Usage of Intel MKL RNGs is not optimal for vector length 1 as it results into extra overhead and does not use vectorization opportunities of hardware. To address your use case, I suggest generating blocks of random variates r from the Gaussian distribution with zero expectation and unit standard deviation and then scale them r * sigma + a

Can you explain what you meant here: Additionally, depending on the application we recommend generating a sequence of random numbers of size nmax/n in blocks of the fixed size (for example, 512 or so, actual block size is defined using a set of quick performance experiments on your CPU)
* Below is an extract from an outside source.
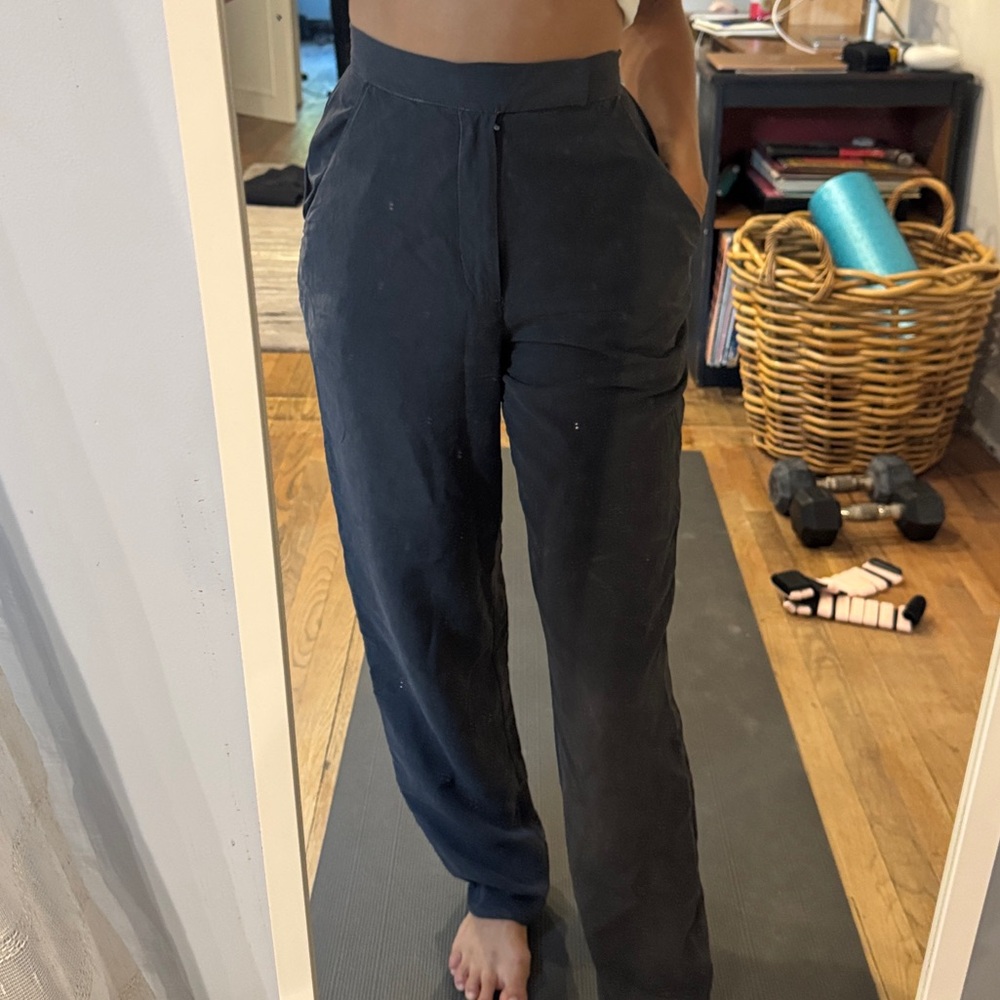 Oat New York Silk Pants in Dark Gray and Tan vintage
Let’s assume that each thread (or MPI process) is expected to generate visible number of random variates defined by the external parameters such as number of threads (e.g., 100) and the total amount of required of random numbers (100 000 000). One option is to uniformly split generation of the portions of the random numbers between those threads, and each thread will generate 1 000 000 variates by calling Intel MKL RNG. This however may be suboptimal when you expect postprocessing of the numbers: the numbers would be washed out from say L1 cache after the generation, and stage of the postprocessing would wait when the numbers are back. Another option is split generation of 1 000 000 variates into blocks of quite small size of say 1000 and immediately process them. You can do it in the loop of 1000 iterations. In this case, the numbers are in L1 cache, and respective cache misses on the stage of the postprocessing are minimized. The actual block size will depend on the characteristics of your CPU and problem settings

Please can you also let me know if it completely valid to use same stream for different random functions. For example, I am currently using both a uniform and gaussian distribution for the same application using the same stream, generator etc

Yes, it’s completely valid use scenario as the internal state of underlying basic random number generator which serves as the source of uniform random numbers for the distribution generators is updated after each call. We however do not recommend using the same stream to produce random numbers in different threads. In this scenario, please use respective interfaces for initialization of the generators for the use in the parallel mode.

Please, let me know, if it answers your questions and if you need more help on the use of Intel MKL RNGs from our side.

Best regards,

Alina

Hello Alina,

AThar2 — Thu, 12 Sep 2019 08:36:43 GMT

Hello Alina,

Your answers are right to the point! Very useful

Thanks very much.

best regards

Ali